[[ Recorded information, beginning ]]

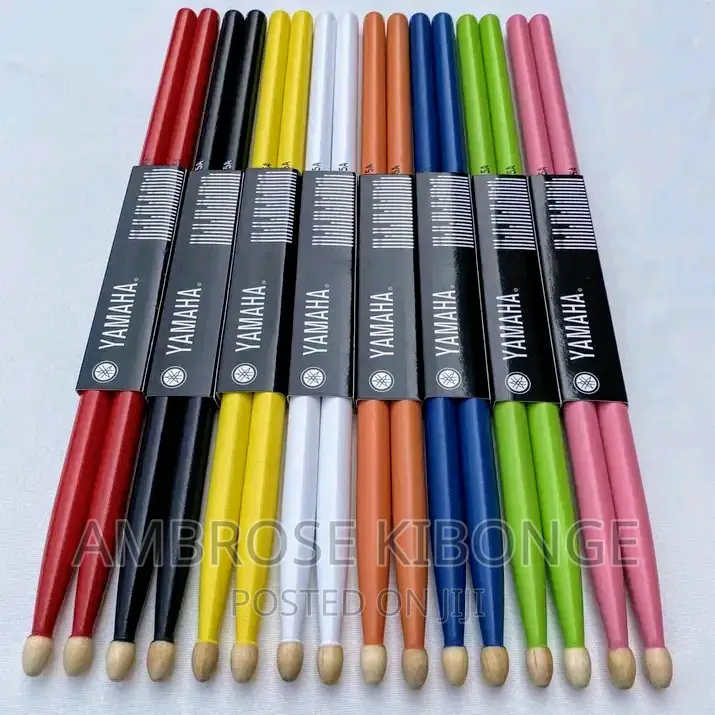 YAMAHA Matched Weight 5A / 7A Solid Wood Paired Drum Sticks.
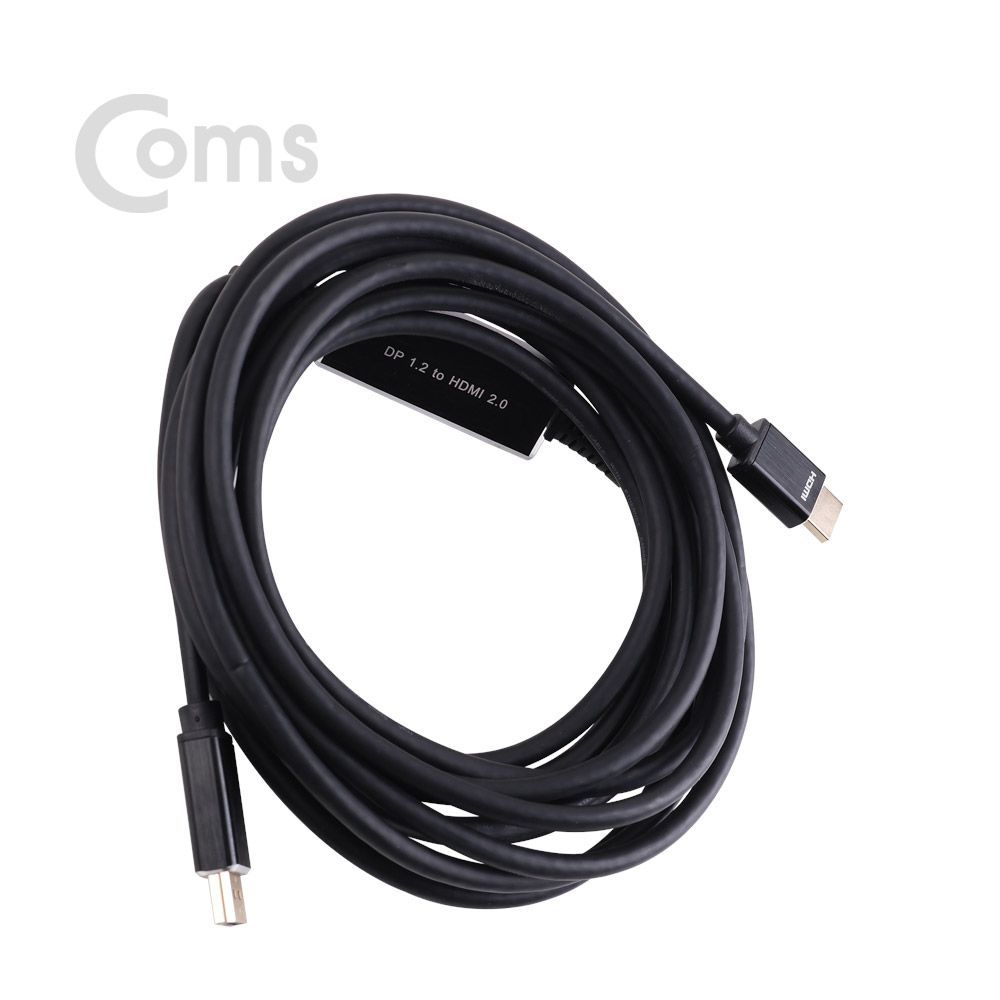 Coms 디스플레이 포트 to HDMI 케이블 5M DP1.2 HDMI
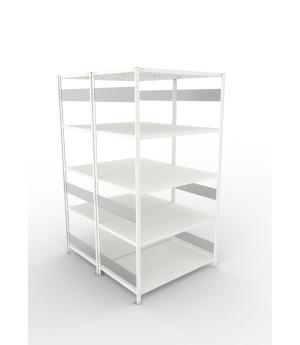 Fachbodenregal Grundregal 2500×1300×800 mm, 230 kg Fachlast 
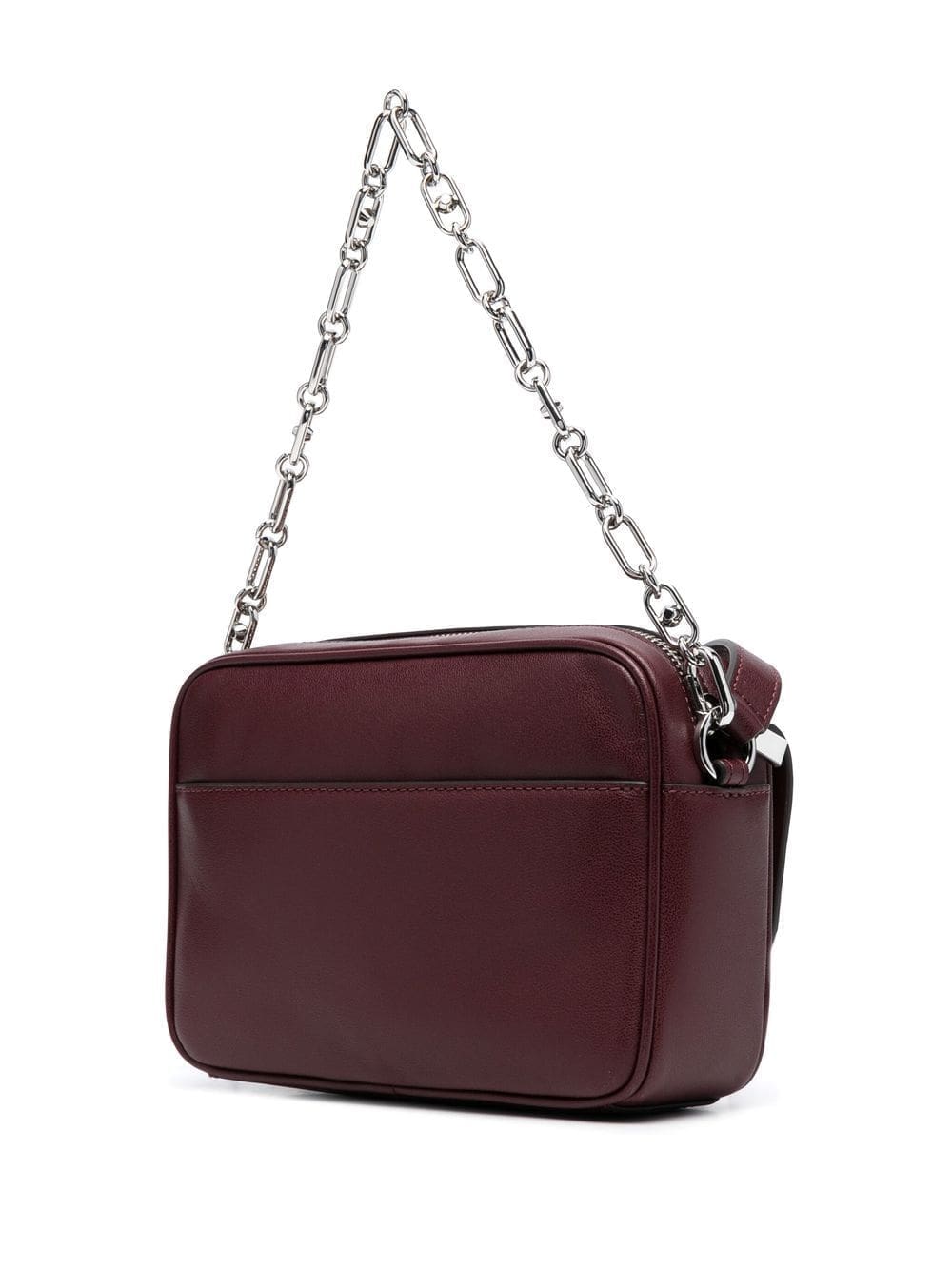 Michael Kors logo-plaque leather crossbody bag - Image 3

[[ Recorded information, end ]]

◆ **Task brief**
Would you return all the data exactly as given, minus the pictures?

◆ **Your solution**
 YAMAHA Matched Weight 5A / 7A Solid Wood Paired Drum Sticks.
 Coms 디스플레이 포트 to HDMI 케이블 5M DP1.2 HDMI
 Fachbodenregal Grundregal 2500×1300×800 mm, 230 kg Fachlast 
 Michael Kors logo-plaque leather crossbody bag - Image 3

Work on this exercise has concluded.